Make a “Web-Proxy” - Step By Step

2019-09-21 07:39发布

问题:

Is there any way to show another page into your page? I cannot use frames, because frame will open that page directly, I want to copy the whole page and save it into new file, then show my new file to user. I think it is better to do this using a simple URL encryption because I don't like to show the real page address. For example, I want to use below URL instead of yahoo.com: www.myDomain.com/Open.aspx?url=zbipp_dpn ... I know how to read, encrypt and decrypt URL, but my problem is I don't know how to copy that page into new page and how to show that.

EDIT: I don't know how to start research even I don't know what should I looking for. This is the reason why I am asking my question here, from experts. I need a keyword to start research!

回答1:

It sounds like you are trying to setup a proxy.

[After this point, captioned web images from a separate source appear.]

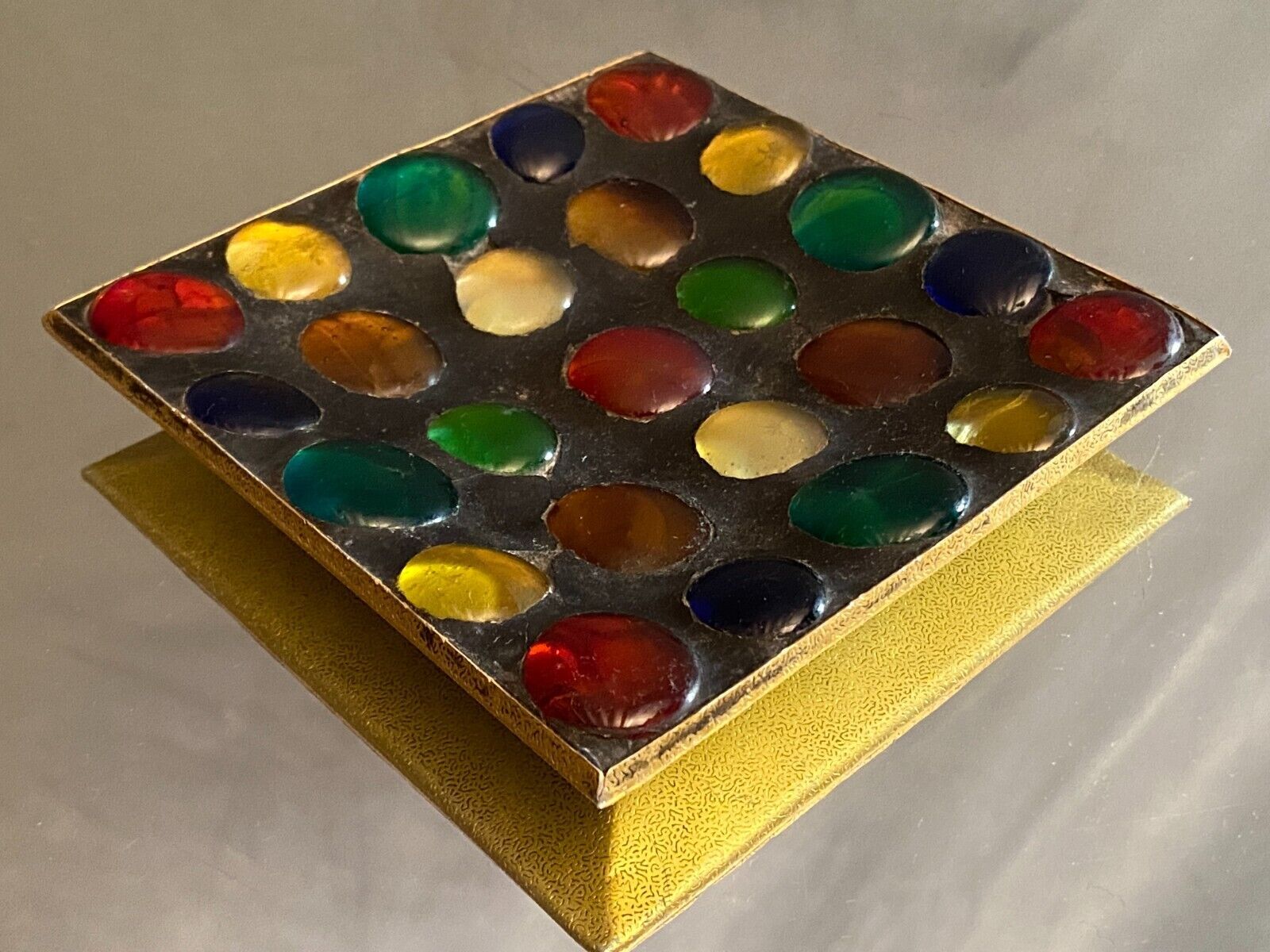 Square section cut glass and metal decorated with multicolored glass cabochons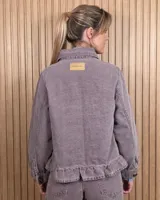 Sobrecamisa de pana color gris con diseño a rayas diagonales sutiles, cuello camisero, cierre frontal con botones, bolsillos aplicados al frente y detalle de volado en el ruedo.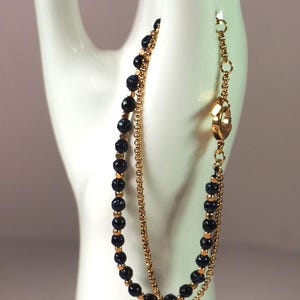 Puede incluir: Una pulsera de cadena dorada con dos hilos. Uno presenta pequeñas cuentas azul oscuro, y el otro es una cadena delicada. La pulsera se abrocha con un cierre dorado.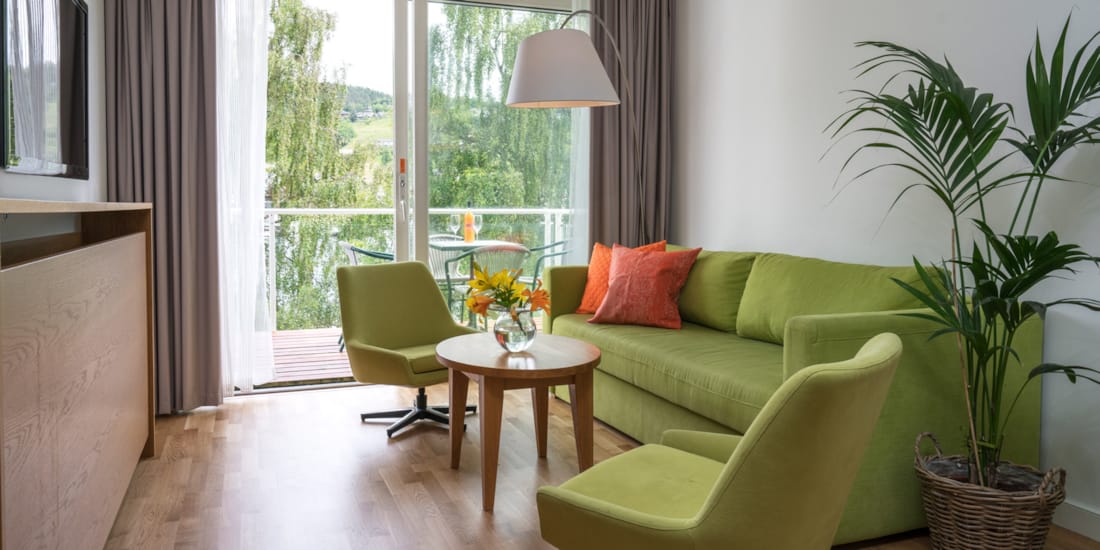 Blomster på bord i stua med sofa og to stoler på Thon Hotel Sandven i Nordheimsund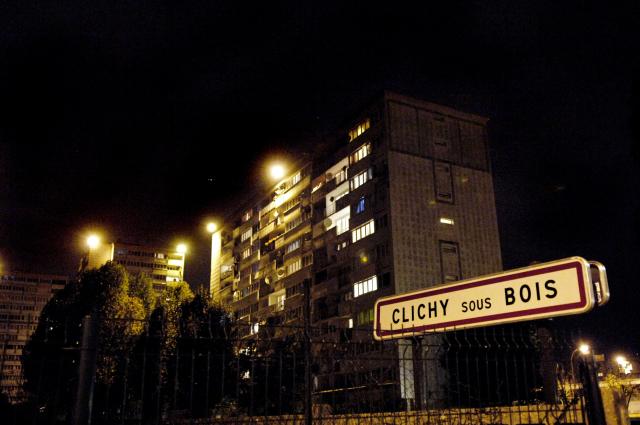 (FILES) View taken 31 October 2005 of the northern Paris suburb of Clichy-sous-Bois where police clashed with angry youths for the fifth straight night following the death by electrocution, 27 October, of two boys trying to escape from police. On October 27, 2005, Zyed Benna and Bouna Traore, aged 17 and 15, died from electrocution in an EDF power substation where they had taken refuge after being chased by the police. This tragedy sparked a series of riots that spread from Clichy-sous-Bois to the rest of the country for three weeks, leading to the declaration of a state of emergency. (Photo by STEPHANE DE SAKUTIN / AFP)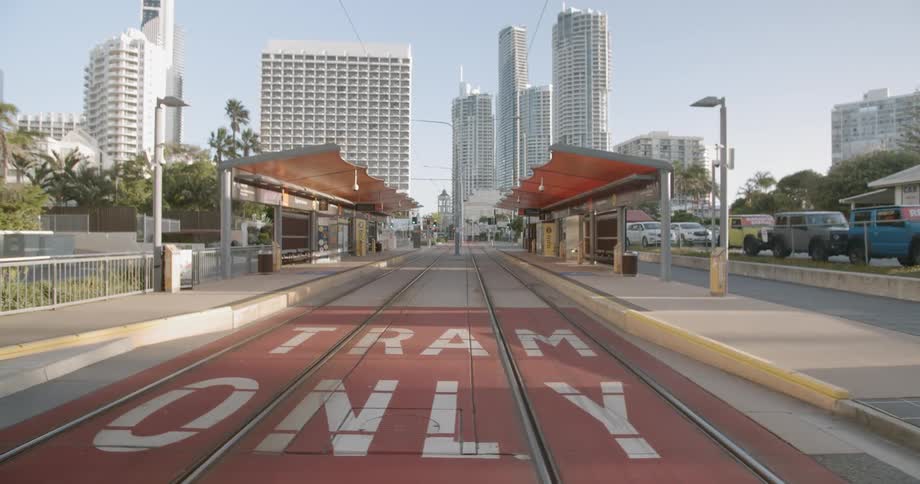 Cars parked on a street next to train tracks at a station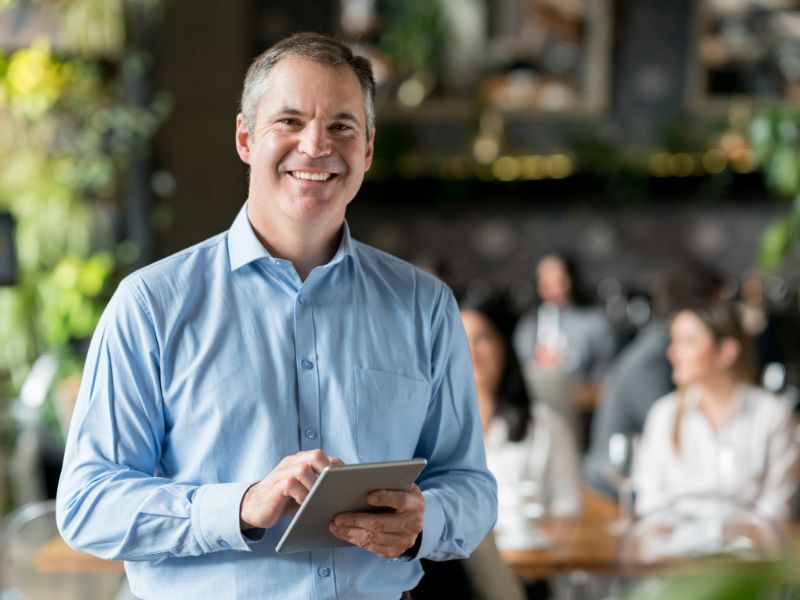 Small business owner standing inside a commercial space protected by property insurance
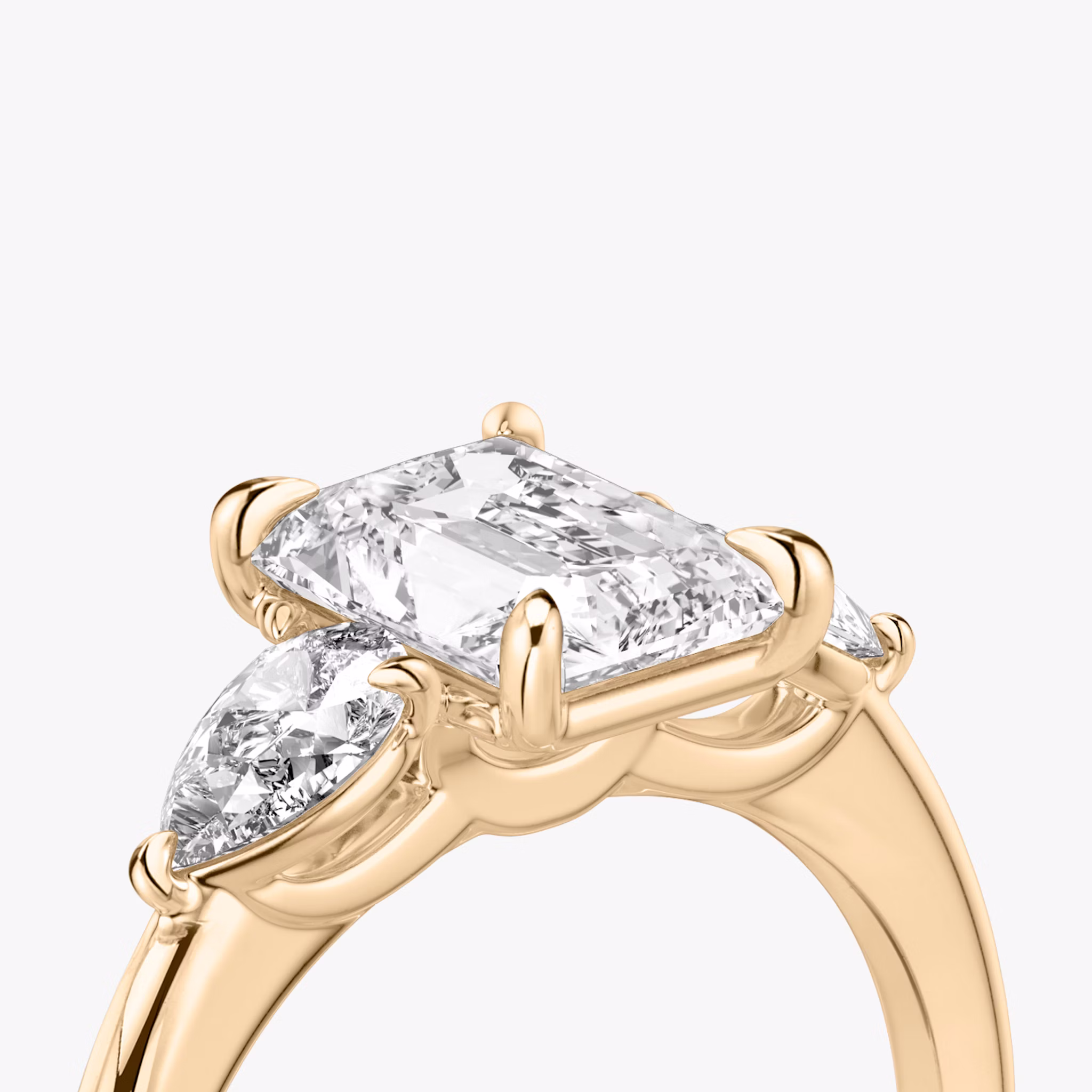 The Three Stone | Radiant | 14k | Rose Gold | bandAccent: Plain | sideStoneCarat: 0.25ct | sideStoneShape: Pear | diamondOrientation: vertical | caratWeight: other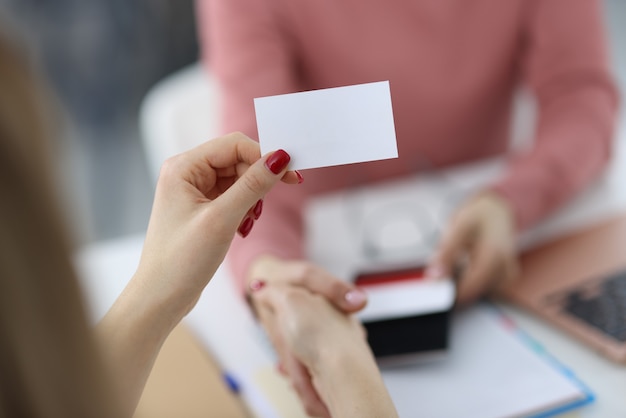 Mãos femininas segurando um cartão de visita branco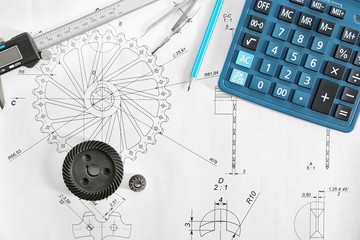 Engineering drawings of parts with tools, top view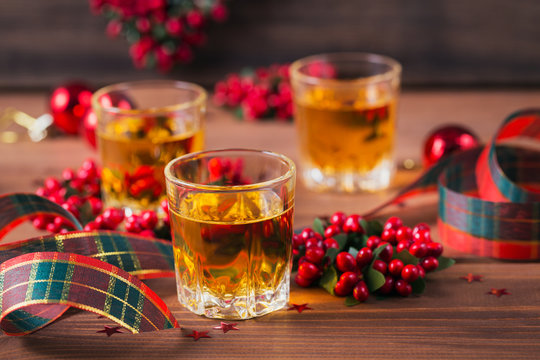 Whiskey, brandy or liquor shot and Christmas decorations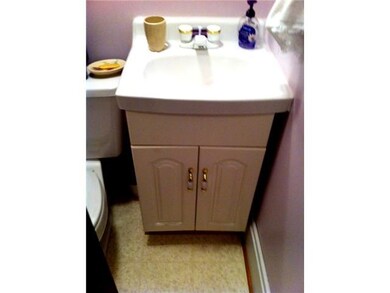 Bathroom Half bath is downstairs at side door entr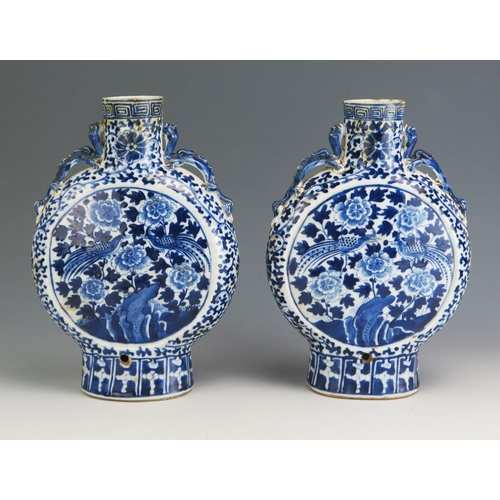 148 - A pair of Chinese blue and white porcelain moon flasks, of traditional design with dragon handles, a...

You could do the following:

  • Listen for requests using an HTTP handler. This can be an MVC controller, a web form (ASPX), an instance of IHttpHandler, even a raw TCP server.

  • Use the encrypted URL to determine the target website.

  • Make a request from your website to the other website. There are multiple ways to do this in .Net, including the HttpClient class.

  • Convert the response to a string.

  • (Optional) parse links in the content to point to your proxy website address instead of the real address.

  • Return the string to the caller as the body of the response. As far as their browser knows, it is the page they requested.

Disclaimer: While proxies are commonly used, there are potential implications (beyond my non-legal knowledge and advice) to presenting someone else's content under a different URL. In addition, there may be other (perhaps serious) ramifications to circumventing filtered content. Proxied content even with the modified URL may still trigger a filter.



回答2:

Well, finally I started creating a web proxy.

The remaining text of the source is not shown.